For five seasons, Girls has been a show about being young and lost and bumbling. It's raw, sardonic, and astonishingly honest, following a close-knit circle of 20-somethings as they ungracefully navigate adulthood from post-collegiate Brooklyn. But, as Andrew Rannells, who plays Hannah's self-indulgent BFF Elijah, tells Bustle, Girls Season 6 is finally about growing up.
When the season opens, Hannah is diving back into writing, Shoshanna is starting a new marketing job, Marnie is stumbling through her divorce from Desi, Jessa is still living in exile with Adam, and Elijah is networking with the Broadway crowd — at least, by his definition.

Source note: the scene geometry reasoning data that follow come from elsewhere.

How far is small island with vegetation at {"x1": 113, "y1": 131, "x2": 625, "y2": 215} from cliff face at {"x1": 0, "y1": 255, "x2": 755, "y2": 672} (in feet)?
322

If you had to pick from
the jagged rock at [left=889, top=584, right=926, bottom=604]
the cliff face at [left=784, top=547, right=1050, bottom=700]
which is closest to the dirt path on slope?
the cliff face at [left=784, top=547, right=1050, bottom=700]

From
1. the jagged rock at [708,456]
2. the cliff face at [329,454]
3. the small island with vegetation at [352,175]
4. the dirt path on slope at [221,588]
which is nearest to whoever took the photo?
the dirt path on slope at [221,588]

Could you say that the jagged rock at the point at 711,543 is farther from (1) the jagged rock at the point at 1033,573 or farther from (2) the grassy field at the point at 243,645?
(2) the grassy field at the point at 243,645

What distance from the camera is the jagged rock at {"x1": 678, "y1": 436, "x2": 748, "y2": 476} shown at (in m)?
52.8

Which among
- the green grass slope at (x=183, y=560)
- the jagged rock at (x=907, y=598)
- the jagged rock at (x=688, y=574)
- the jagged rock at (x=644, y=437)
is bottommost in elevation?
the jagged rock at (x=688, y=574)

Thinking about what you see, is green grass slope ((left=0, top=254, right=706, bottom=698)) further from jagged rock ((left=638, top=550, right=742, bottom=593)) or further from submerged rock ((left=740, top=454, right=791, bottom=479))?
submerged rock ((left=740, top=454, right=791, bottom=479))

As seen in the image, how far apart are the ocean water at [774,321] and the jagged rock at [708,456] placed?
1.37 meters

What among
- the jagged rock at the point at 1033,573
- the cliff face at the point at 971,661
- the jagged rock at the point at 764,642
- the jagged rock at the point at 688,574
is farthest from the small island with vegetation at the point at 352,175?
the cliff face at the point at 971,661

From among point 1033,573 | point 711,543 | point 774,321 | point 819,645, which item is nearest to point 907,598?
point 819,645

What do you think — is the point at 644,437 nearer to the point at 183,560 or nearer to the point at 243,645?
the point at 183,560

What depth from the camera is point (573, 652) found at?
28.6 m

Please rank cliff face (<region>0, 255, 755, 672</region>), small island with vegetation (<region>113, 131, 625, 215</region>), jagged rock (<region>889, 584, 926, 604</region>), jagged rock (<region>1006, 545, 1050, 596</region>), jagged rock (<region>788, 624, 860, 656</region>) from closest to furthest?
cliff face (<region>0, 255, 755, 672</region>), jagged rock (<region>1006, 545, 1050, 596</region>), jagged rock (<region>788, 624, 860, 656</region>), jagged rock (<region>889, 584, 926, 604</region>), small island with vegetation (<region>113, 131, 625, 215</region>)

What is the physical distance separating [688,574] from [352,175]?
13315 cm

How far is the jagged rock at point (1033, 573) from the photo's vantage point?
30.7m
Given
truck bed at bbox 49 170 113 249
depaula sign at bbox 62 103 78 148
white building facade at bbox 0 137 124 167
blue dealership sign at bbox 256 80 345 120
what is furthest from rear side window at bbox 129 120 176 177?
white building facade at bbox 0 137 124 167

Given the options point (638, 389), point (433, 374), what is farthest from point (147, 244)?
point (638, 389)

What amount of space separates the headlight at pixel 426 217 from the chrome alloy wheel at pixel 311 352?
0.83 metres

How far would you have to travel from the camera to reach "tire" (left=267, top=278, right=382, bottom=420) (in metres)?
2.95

But the first few episodes show inklings of growth, and by the end, the ever-dysfunctional friend group may well be on their way to becoming full-fledged, functioning adults.

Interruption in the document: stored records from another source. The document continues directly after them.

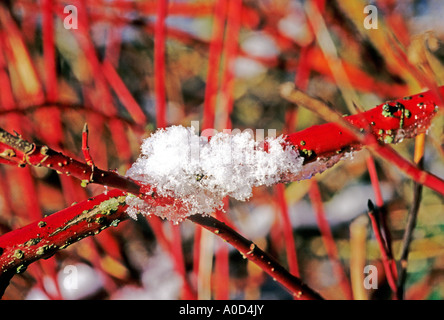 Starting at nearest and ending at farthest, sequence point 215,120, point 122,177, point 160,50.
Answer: point 122,177
point 160,50
point 215,120

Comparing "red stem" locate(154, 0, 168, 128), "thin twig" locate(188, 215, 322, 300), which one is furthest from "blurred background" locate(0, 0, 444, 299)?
"thin twig" locate(188, 215, 322, 300)

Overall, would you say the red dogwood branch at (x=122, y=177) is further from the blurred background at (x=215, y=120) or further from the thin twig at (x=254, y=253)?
the blurred background at (x=215, y=120)

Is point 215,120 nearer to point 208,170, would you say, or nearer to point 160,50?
point 160,50

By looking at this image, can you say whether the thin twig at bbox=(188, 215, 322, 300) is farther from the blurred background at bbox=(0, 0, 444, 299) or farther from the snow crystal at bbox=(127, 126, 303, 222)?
the blurred background at bbox=(0, 0, 444, 299)

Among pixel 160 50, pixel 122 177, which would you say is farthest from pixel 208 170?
pixel 160 50

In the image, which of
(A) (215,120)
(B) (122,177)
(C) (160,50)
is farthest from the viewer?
(A) (215,120)

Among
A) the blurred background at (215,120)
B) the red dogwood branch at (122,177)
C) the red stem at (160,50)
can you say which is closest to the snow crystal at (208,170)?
the red dogwood branch at (122,177) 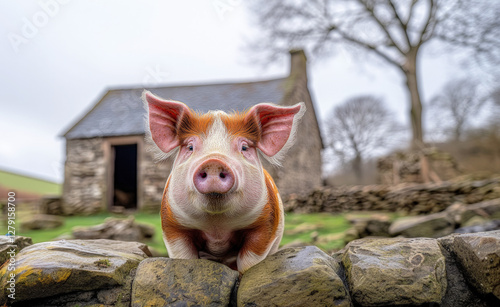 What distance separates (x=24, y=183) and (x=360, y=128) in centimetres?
1834

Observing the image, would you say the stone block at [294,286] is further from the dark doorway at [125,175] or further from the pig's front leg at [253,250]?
the dark doorway at [125,175]

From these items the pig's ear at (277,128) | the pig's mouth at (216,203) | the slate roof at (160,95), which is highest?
the slate roof at (160,95)

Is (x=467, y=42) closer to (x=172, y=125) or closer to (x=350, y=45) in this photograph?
(x=350, y=45)

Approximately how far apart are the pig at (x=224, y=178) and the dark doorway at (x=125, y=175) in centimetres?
1253

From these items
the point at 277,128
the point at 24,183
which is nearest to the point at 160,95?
the point at 24,183

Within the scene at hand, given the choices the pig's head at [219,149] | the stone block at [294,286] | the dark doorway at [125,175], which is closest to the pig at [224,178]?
the pig's head at [219,149]

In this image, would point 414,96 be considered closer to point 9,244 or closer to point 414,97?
point 414,97

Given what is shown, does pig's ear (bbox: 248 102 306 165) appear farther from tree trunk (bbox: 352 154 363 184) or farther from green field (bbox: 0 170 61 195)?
tree trunk (bbox: 352 154 363 184)

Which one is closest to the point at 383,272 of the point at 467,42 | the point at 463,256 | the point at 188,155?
the point at 463,256

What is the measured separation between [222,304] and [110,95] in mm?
13656

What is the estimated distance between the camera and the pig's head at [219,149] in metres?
1.42

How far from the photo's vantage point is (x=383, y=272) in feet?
5.59

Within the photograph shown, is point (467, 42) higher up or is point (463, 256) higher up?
point (467, 42)

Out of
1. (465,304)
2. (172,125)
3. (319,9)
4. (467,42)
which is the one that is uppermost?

For Rannells, that was an important leap to make, because it recalled his own experience coming of age in New York. “That’s something I’m so proud of on Girls that we got to do. When I moved to the city I was 19 and I was going to college and I very much had that experience in my mid to late 20s, sort of figuring out, ‘What the hell am I doing?'” he says. “It’s hard. It’s hard to admit, particularly when you live [in New York] and there’s so much going on around you and it feels like everybody is higher functioning than you are … It’s tough to realize that. And it’s taken them six seasons, but I feel like this is the time when they’re like, ‘Oh God. We really have to figure this out.’”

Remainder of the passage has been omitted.